• Work item: None of the pictures should appear; the lines from the line containing "For all ending" through the last line of the listing must be repeated exactly.

• Exercise data:
##############################
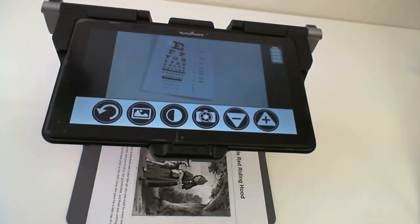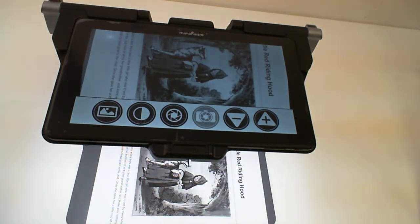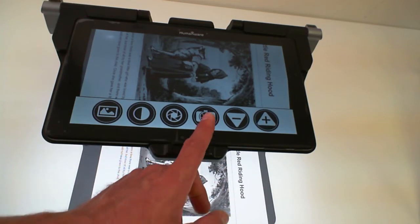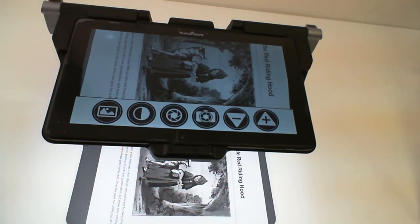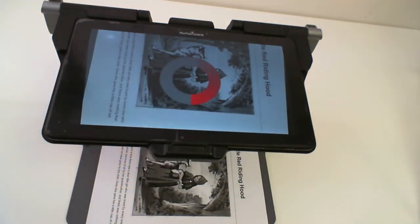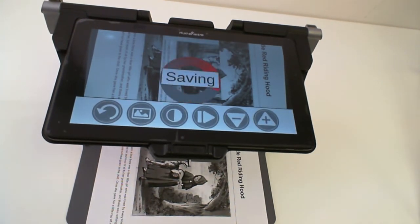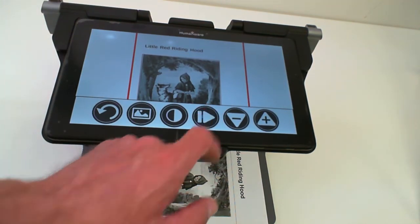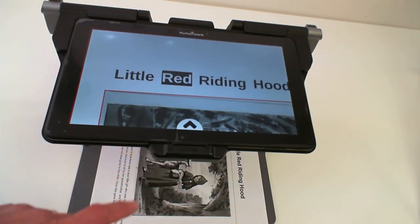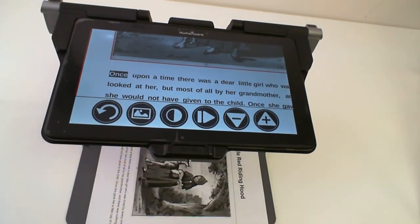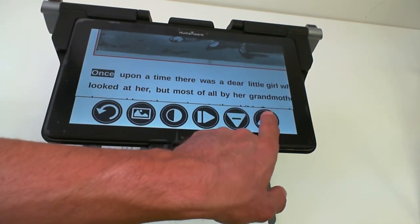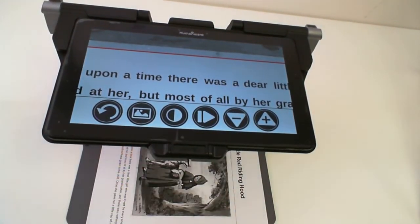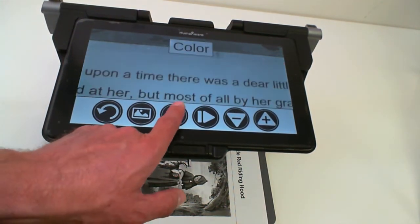If I go back to my Magnification application, my fourth button from the left is the Capture button. By pressing the Capture button, this will do the OCR automatically and save the image on the device. Once the OCR is done, I can start reading my captured image and pause it. I can zoom in using my plus or minus sign buttons, or I can change my contrast colors.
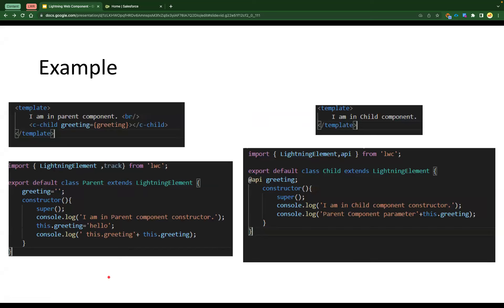These are example screenshots — the left is parent and the right is child — where we have simple constructors. The first statement is 'super'. The child has a public property called greeting annotated with @api, and the parent has a private property called greeting. The constructor is called and we're doing initialization on some properties. Let's create two components and see how it actually works.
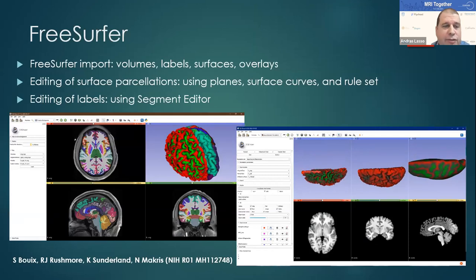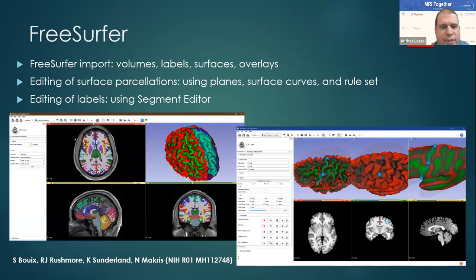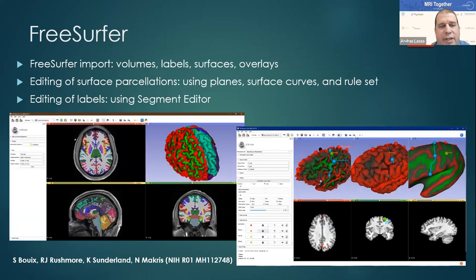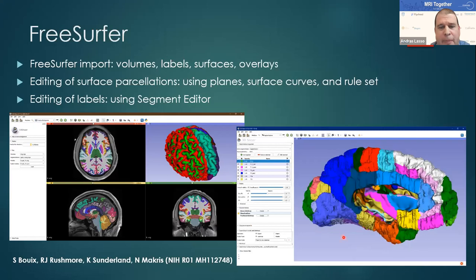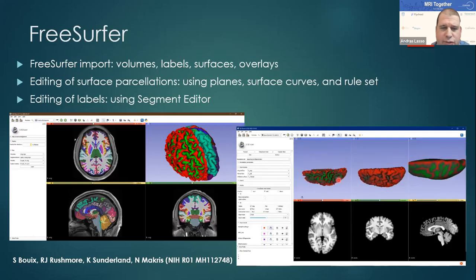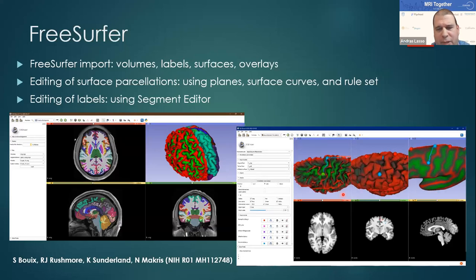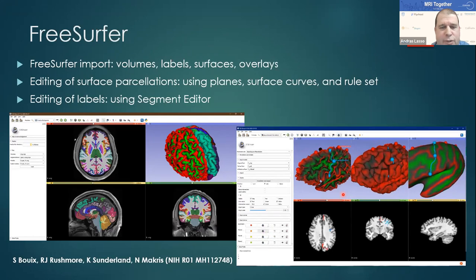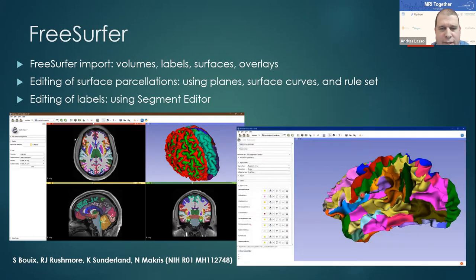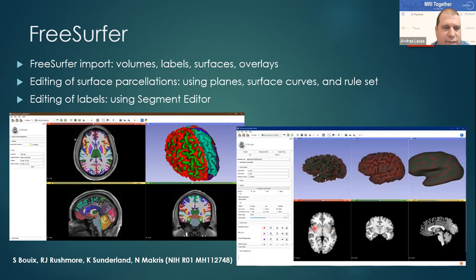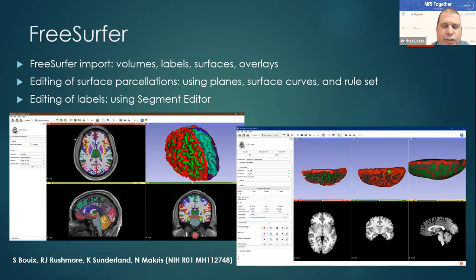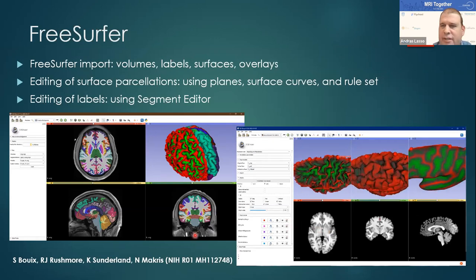We also added FreeSurfer support many years ago, so you can load volumes, labels, surfaces, and overlays. Recently we added the capability to also edit this — you can edit surface parcellations by defining surface curves. From multiple curves and planes and a set of rules, Slicer can put together a complete parcellation. This is useful when you need to edit or refine existing parcellations, and you can also edit labels using the segmentation editor.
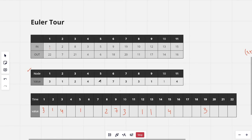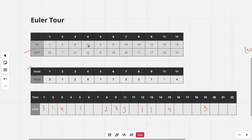For all ending times (out-times), we fill in the negative of the value of the corresponding node. So the end time for node 4 is 4 and the value is 4, so we fill in minus 4. The end time 6 corresponds to node 5 with value 1, so we fill minus 1. End time 7 corresponds to node 2 with value 1, so we fill minus 1, and so on.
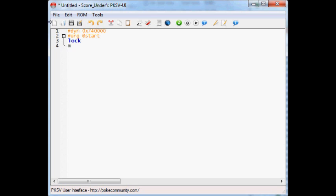Message box at sign. I don't know, I can't think of a creative name. Sign please. I is a sign. That'll be our dialogue that we're going to work with.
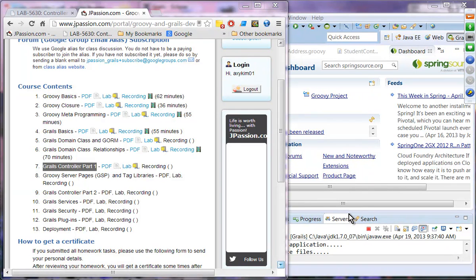Welcome to the Groovy and Grails Webinar Series from jpassion.com. Today's topic is Grails Controller Part 1.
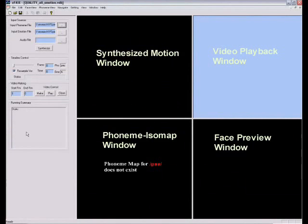In this work, we introduce a data-driven expressive facial animation synthesis and editing system, called the eFate system.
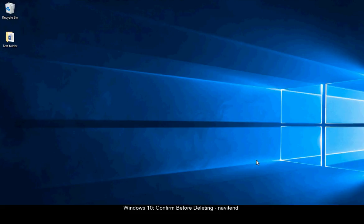Hello and welcome to this tutorial from Navitend. In this screencast we'll look at making Windows 10 confirm before deleting.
##############################
• Problem solution:
For all ending times (out-times), we fill in the negative of the value of the corresponding node. So the end time for node 4 is 4 and the value is 4, so we fill in minus 4. The end time 6 corresponds to node 5 with value 1, so we fill minus 1. End time 7 corresponds to node 2 with value 1, so we fill minus 1, and so on.
Message box at sign. I don't know, I can't think of a creative name. Sign please. I is a sign. That'll be our dialogue that we're going to work with.
Welcome to the Groovy and Grails Webinar Series from jpassion.com. Today's topic is Grails Controller Part 1.
In this work, we introduce a data-driven expressive facial animation synthesis and editing system, called the eFate system.
Hello and welcome to this tutorial from Navitend. In this screencast we'll look at making Windows 10 confirm before deleting.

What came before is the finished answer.